No US state or Canadian province has taken the automotive and trucking industry further in adopting electric vehicles than California. However, the state recently found itself in the grip of a blistering summer heatwave, with its power grid hitting a maximum plateau, sending a shockwave through trucking and its move toward electricity as a primary resource.
California Governor Gavin Newsom’s office issued a warning for their state power producers in September urging residents “to reduce their electricity use between 4 p.m. and 9 p.m.” to conserve energy and reduce the risk of a blackout.
“Avoid using major appliances,” the state told residents, including trucking companies, who are being pushed toward electric vehicles with big incentives/subsidies. The alerts’ full text also advised avoiding charging electric vehicles during these times. This alert persisted for 4 days.
If power generators can’t handle a heat wave, how could they accommodate hundreds of thousands of electric trucks requiring megawatts of electricity once or more a day?
The situation puts the electrification of trucking, transportation and residents’ quality of life in question as California moves to phase out gas stoves and small gasoline engines. It is also set to ban up to 76,000 trucks equipped with engines with pre-2010 emissions specifications from operating in the state by 2023.

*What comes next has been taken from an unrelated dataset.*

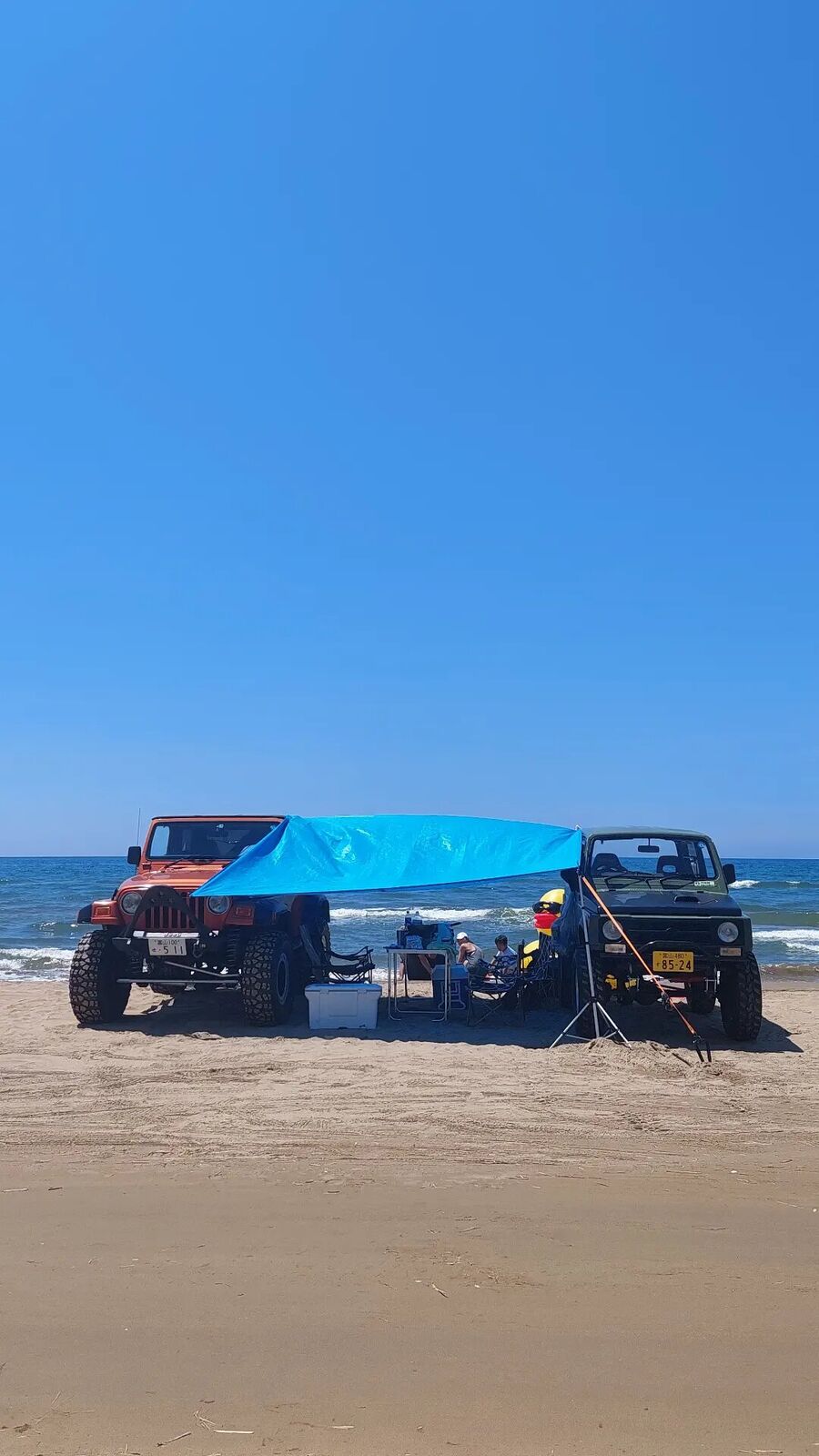 The Jeep and Jimny beach camp from a wider angle, showing the improvised blue tarp shelter with the Sea of Japan right behind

Over the past 10 years, annual sales of plug-in electric vehicles in California have gone from just 7,000 in 2011 to more than a quarter of a million sold in 2021, making up more than 12 percent of all light-duty vehicle sales last year. California’s 1 million electric vehicles sold this past year surpasses the total sales in the next 10 states combined, and it’s seven times more than the next closest state. The state has the greatest number of EVs, with approximately 39% of EVs nationwide.